Please output exactly the part of the records below that opens with the line containing "Sonko et Diomaye..." and closes with the line containing "Parure Gold Skin Control Compact Powder", both lines included, and nothing else.

**Data supplied**
***
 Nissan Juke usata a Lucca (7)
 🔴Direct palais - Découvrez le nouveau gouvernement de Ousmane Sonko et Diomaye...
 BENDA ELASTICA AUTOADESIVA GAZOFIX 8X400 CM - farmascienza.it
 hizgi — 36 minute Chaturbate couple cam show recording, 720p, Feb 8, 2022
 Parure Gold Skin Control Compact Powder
***
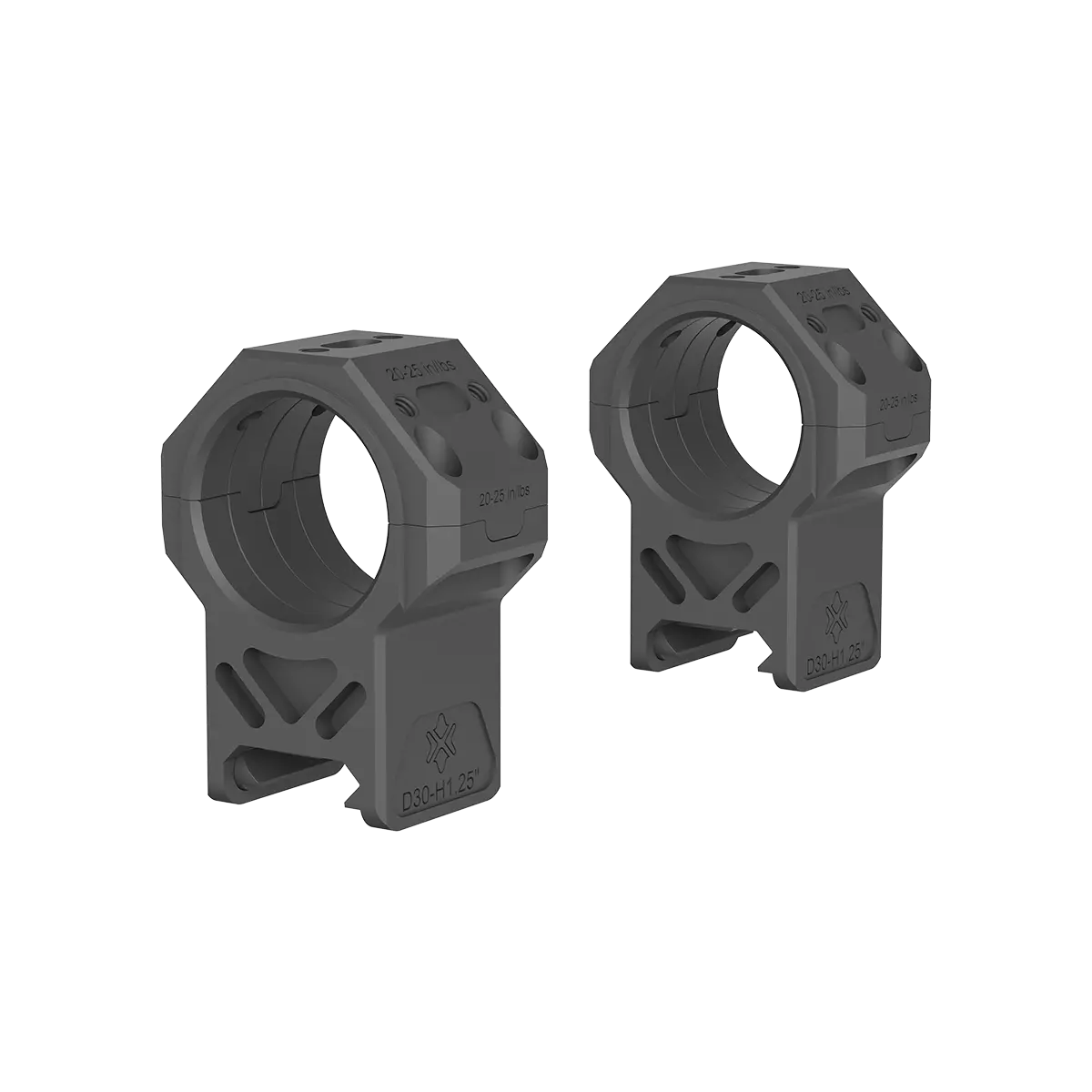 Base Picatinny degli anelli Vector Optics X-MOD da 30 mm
***
**Solved exercise**
 🔴Direct palais - Découvrez le nouveau gouvernement de Ousmane Sonko et Diomaye...
 BENDA ELASTICA AUTOADESIVA GAZOFIX 8X400 CM - farmascienza.it
 hizgi — 36 minute Chaturbate couple cam show recording, 720p, Feb 8, 2022
 Parure Gold Skin Control Compact Powder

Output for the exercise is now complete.